A ‘stay at home’ order, also referred to as ‘shelter in place,’ requires residents to stay inside, except when needing to perform activities deemed essential.

FILE – In this March 25, 2020, file photo, yellow cabs line an empty 42nd St. waiting for fares outside Grand Central Terminal, in New York. (AP Photo/Mary Altaffer)

California became the first state to issue the order two weeks ago and was quickly followed by New York. At least 37 other states, as well as Washington, D.C., and Puerto Rico, have issued the order since then.

“The reality is that if you do not comply, you are violating the law and you will be facing stiff penalties,” stated Georgia Governor Brian Kemp.

This leaves about a dozen states who have not given the order, including Texas, Oklahoma, North Dakota, South Dakota, Tennessee and Wyoming.
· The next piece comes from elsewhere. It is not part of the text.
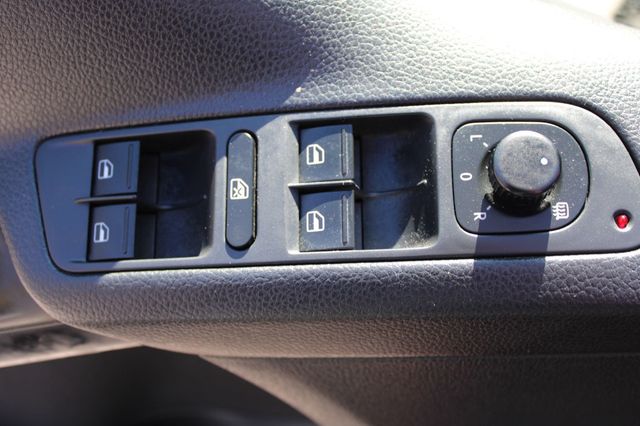 2014 Volkswagen Tiguan 2WD 4dr Automatic S - 23102029 - 23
These governors have opted to strongly advise citizens to stay home, in addition to restrictive measures on large gatherings, bars and restaurants.

President Trump has stressed it is important these states have the ability and the right to make their own decisions. He has also promoted a 30-day guideline to inform all citizens what measures they should be taking during this time.

FILE – In this March 20, 2020 file photo, extremely light traffic moves along the 110 Harbor Freeway toward downtown mid afternoon, in Los Angeles. (AP Photo/Mark J. Terrill)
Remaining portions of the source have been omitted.